[Start of Attachment]

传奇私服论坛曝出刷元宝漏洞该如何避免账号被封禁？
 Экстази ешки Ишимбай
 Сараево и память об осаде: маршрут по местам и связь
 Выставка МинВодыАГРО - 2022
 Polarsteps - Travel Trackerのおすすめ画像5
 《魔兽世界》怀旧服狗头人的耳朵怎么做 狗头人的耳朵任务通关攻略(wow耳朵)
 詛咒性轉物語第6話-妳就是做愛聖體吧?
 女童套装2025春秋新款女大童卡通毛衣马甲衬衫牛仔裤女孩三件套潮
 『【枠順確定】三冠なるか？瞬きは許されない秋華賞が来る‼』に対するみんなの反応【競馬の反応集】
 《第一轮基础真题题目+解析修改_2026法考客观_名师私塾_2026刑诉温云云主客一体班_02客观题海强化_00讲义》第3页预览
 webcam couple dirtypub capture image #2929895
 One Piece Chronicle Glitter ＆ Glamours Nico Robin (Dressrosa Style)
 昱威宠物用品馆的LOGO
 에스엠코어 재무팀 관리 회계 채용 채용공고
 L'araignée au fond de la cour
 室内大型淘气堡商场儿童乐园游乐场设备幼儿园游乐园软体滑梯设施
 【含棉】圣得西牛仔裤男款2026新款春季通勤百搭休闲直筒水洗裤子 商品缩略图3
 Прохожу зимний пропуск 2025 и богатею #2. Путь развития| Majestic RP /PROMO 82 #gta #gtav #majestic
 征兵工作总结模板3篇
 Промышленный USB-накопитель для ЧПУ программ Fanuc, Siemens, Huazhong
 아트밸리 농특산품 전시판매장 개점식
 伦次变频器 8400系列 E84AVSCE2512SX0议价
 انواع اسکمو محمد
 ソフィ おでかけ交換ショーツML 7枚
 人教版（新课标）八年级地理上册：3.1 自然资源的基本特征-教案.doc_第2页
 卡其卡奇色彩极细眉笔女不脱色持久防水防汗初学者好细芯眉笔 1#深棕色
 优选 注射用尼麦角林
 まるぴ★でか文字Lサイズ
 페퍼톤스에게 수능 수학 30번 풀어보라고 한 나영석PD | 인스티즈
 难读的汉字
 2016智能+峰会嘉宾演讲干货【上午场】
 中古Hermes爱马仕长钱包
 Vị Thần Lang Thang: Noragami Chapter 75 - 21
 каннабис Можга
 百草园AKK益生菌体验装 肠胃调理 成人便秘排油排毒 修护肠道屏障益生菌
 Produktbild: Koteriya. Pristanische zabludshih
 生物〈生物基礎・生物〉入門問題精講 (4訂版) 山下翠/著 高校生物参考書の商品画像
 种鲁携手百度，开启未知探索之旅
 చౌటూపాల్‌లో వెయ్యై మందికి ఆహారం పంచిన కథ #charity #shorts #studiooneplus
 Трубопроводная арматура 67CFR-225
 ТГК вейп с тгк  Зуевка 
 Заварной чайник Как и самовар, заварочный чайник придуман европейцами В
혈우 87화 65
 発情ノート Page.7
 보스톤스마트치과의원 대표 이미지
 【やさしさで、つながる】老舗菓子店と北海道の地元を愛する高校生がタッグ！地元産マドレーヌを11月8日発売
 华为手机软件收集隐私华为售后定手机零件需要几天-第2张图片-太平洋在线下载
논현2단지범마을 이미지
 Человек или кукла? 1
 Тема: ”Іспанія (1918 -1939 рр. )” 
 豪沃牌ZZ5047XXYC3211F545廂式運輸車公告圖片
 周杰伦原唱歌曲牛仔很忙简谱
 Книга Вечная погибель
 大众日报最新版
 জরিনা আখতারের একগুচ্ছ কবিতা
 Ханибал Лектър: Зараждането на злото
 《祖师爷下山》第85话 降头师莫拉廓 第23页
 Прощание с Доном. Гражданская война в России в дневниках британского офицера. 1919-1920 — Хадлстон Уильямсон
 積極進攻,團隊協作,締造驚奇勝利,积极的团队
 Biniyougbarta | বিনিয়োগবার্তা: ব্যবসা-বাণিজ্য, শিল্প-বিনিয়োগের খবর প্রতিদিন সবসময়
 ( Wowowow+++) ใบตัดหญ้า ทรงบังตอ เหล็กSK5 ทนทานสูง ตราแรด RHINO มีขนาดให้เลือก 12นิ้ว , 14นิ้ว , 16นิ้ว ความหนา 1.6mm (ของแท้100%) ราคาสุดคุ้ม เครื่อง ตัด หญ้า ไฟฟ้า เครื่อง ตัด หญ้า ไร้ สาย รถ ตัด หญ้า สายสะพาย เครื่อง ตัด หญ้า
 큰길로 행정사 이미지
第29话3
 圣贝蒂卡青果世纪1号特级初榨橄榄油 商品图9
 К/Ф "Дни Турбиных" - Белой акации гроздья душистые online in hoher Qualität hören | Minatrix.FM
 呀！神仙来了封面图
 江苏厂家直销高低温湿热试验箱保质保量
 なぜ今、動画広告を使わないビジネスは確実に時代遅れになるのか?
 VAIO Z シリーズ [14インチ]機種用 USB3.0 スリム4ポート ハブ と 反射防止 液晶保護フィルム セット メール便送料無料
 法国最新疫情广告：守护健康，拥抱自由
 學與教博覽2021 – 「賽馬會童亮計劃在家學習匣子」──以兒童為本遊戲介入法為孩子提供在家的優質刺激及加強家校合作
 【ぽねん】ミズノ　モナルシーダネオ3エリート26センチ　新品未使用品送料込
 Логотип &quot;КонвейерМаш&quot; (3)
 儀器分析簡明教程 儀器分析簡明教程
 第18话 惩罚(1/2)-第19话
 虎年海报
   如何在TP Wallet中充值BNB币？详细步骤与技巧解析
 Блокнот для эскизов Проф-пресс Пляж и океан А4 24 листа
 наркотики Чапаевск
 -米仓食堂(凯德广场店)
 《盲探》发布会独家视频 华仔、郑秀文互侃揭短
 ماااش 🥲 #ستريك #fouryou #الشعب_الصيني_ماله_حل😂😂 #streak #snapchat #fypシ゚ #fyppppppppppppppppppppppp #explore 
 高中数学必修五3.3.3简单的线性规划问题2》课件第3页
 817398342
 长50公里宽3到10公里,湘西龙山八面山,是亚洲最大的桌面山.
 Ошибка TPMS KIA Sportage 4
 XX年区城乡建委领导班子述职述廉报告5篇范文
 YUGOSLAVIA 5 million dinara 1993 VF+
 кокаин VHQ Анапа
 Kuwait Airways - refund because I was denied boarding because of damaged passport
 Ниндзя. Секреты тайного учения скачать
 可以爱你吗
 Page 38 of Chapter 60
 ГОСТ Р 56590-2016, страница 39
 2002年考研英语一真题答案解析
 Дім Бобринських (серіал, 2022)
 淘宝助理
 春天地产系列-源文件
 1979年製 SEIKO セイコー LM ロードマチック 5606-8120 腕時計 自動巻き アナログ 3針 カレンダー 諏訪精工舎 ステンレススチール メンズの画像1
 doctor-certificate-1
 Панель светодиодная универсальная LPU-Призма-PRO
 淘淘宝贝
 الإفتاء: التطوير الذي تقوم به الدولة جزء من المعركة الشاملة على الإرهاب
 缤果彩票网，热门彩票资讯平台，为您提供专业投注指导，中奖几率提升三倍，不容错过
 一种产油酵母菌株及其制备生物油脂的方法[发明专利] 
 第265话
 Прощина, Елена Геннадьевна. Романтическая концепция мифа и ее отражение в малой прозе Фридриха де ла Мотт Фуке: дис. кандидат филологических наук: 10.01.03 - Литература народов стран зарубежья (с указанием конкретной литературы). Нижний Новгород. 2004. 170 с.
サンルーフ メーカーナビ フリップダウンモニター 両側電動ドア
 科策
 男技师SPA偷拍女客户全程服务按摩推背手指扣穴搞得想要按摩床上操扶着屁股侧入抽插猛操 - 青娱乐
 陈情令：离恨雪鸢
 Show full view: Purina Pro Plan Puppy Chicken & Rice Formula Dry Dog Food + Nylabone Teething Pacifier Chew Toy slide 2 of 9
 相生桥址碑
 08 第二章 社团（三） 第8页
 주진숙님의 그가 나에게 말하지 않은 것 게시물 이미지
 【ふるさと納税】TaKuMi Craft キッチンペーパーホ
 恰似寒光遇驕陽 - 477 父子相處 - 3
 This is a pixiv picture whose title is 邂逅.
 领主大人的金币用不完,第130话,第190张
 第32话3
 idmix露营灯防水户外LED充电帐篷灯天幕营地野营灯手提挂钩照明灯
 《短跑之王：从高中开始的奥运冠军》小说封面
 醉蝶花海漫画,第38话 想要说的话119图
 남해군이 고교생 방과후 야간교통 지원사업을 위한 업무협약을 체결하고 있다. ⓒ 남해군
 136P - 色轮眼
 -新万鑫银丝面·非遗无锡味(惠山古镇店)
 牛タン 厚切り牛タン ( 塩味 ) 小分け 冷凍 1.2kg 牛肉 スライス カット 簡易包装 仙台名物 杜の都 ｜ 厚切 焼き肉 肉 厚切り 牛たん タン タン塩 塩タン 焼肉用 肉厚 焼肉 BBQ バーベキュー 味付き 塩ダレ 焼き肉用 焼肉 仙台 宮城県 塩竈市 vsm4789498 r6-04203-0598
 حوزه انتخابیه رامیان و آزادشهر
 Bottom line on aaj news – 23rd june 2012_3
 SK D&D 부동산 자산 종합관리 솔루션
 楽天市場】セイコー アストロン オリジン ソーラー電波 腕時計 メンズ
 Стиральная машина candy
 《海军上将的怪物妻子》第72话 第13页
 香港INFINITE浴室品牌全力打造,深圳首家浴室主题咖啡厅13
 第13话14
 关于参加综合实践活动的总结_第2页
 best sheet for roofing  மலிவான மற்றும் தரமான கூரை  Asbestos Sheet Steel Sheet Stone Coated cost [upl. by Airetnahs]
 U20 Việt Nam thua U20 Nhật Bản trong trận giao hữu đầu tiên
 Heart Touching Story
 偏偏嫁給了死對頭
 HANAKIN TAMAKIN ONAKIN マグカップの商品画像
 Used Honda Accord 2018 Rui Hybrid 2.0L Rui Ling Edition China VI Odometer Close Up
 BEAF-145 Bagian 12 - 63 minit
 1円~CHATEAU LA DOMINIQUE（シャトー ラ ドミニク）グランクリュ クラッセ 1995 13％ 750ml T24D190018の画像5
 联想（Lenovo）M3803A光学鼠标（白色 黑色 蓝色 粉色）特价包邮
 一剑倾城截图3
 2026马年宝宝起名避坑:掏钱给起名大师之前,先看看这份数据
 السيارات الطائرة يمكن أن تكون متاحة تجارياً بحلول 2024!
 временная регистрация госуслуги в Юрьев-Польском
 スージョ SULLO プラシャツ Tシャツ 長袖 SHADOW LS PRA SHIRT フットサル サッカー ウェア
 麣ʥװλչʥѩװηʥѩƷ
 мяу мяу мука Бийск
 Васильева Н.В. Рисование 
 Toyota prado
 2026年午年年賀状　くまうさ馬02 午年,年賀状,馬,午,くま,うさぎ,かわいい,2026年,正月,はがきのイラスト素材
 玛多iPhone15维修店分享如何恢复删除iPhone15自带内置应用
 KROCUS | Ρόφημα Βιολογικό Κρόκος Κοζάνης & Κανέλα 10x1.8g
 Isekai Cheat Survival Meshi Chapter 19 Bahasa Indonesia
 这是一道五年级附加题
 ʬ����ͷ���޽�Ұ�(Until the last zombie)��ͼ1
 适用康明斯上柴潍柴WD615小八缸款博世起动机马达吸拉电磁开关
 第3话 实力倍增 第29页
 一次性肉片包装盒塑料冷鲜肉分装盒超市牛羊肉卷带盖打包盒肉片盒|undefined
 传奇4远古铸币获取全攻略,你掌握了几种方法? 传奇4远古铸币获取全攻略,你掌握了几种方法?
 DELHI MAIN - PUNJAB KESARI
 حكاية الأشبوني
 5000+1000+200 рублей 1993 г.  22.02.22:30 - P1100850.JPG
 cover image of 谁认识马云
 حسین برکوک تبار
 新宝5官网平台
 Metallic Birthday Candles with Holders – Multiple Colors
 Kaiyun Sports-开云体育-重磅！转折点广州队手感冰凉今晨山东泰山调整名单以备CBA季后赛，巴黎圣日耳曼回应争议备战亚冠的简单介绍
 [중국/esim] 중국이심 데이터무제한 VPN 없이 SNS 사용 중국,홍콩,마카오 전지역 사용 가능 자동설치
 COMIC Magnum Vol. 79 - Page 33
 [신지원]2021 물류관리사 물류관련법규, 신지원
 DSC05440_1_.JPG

[End of Attachment]

**Work instructions:** Reproduce word for word the lines of the records above, beginning at the first and ending with the line where "積極進攻,團隊協作,締造驚奇勝利,积极的团队" appears, and nothing past it.

**Answer to the exercise:**
传奇私服论坛曝出刷元宝漏洞该如何避免账号被封禁？
 Экстази ешки Ишимбай
 Сараево и память об осаде: маршрут по местам и связь
 Выставка МинВодыАГРО - 2022
 Polarsteps - Travel Trackerのおすすめ画像5
 《魔兽世界》怀旧服狗头人的耳朵怎么做 狗头人的耳朵任务通关攻略(wow耳朵)
 詛咒性轉物語第6話-妳就是做愛聖體吧?
 女童套装2025春秋新款女大童卡通毛衣马甲衬衫牛仔裤女孩三件套潮
 『【枠順確定】三冠なるか？瞬きは許されない秋華賞が来る‼』に対するみんなの反応【競馬の反応集】
 《第一轮基础真题题目+解析修改_2026法考客观_名师私塾_2026刑诉温云云主客一体班_02客观题海强化_00讲义》第3页预览
 webcam couple dirtypub capture image #2929895
 One Piece Chronicle Glitter ＆ Glamours Nico Robin (Dressrosa Style)
 昱威宠物用品馆的LOGO
 에스엠코어 재무팀 관리 회계 채용 채용공고
 L'araignée au fond de la cour
 室内大型淘气堡商场儿童乐园游乐场设备幼儿园游乐园软体滑梯设施
 【含棉】圣得西牛仔裤男款2026新款春季通勤百搭休闲直筒水洗裤子 商品缩略图3
 Прохожу зимний пропуск 2025 и богатею #2. Путь развития| Majestic RP /PROMO 82 #gta #gtav #majestic
 征兵工作总结模板3篇
 Промышленный USB-накопитель для ЧПУ программ Fanuc, Siemens, Huazhong
 아트밸리 농특산품 전시판매장 개점식
 伦次变频器 8400系列 E84AVSCE2512SX0议价
 انواع اسکمو محمد
 ソフィ おでかけ交換ショーツML 7枚
 人教版（新课标）八年级地理上册：3.1 自然资源的基本特征-教案.doc_第2页
 卡其卡奇色彩极细眉笔女不脱色持久防水防汗初学者好细芯眉笔 1#深棕色
 优选 注射用尼麦角林
 まるぴ★でか文字Lサイズ
 페퍼톤스에게 수능 수학 30번 풀어보라고 한 나영석PD | 인스티즈
 难读的汉字
 2016智能+峰会嘉宾演讲干货【上午场】
 中古Hermes爱马仕长钱包
 Vị Thần Lang Thang: Noragami Chapter 75 - 21
 каннабис Можга
 百草园AKK益生菌体验装 肠胃调理 成人便秘排油排毒 修护肠道屏障益生菌
 Produktbild: Koteriya. Pristanische zabludshih
 生物〈生物基礎・生物〉入門問題精講 (4訂版) 山下翠/著 高校生物参考書の商品画像
 种鲁携手百度，开启未知探索之旅
 చౌటూపాల్‌లో వెయ్యై మందికి ఆహారం పంచిన కథ #charity #shorts #studiooneplus
 Трубопроводная арматура 67CFR-225
 ТГК вейп с тгк  Зуевка 
 Заварной чайник Как и самовар, заварочный чайник придуман европейцами В
혈우 87화 65
 発情ノート Page.7
 보스톤스마트치과의원 대표 이미지
 【やさしさで、つながる】老舗菓子店と北海道の地元を愛する高校生がタッグ！地元産マドレーヌを11月8日発売
 华为手机软件收集隐私华为售后定手机零件需要几天-第2张图片-太平洋在线下载
논현2단지범마을 이미지
 Человек или кукла? 1
 Тема: ”Іспанія (1918 -1939 рр. )” 
 豪沃牌ZZ5047XXYC3211F545廂式運輸車公告圖片
 周杰伦原唱歌曲牛仔很忙简谱
 Книга Вечная погибель
 大众日报最新版
 জরিনা আখতারের একগুচ্ছ কবিতা
 Ханибал Лектър: Зараждането на злото
 《祖师爷下山》第85话 降头师莫拉廓 第23页
 Прощание с Доном. Гражданская война в России в дневниках британского офицера. 1919-1920 — Хадлстон Уильямсон
 積極進攻,團隊協作,締造驚奇勝利,积极的团队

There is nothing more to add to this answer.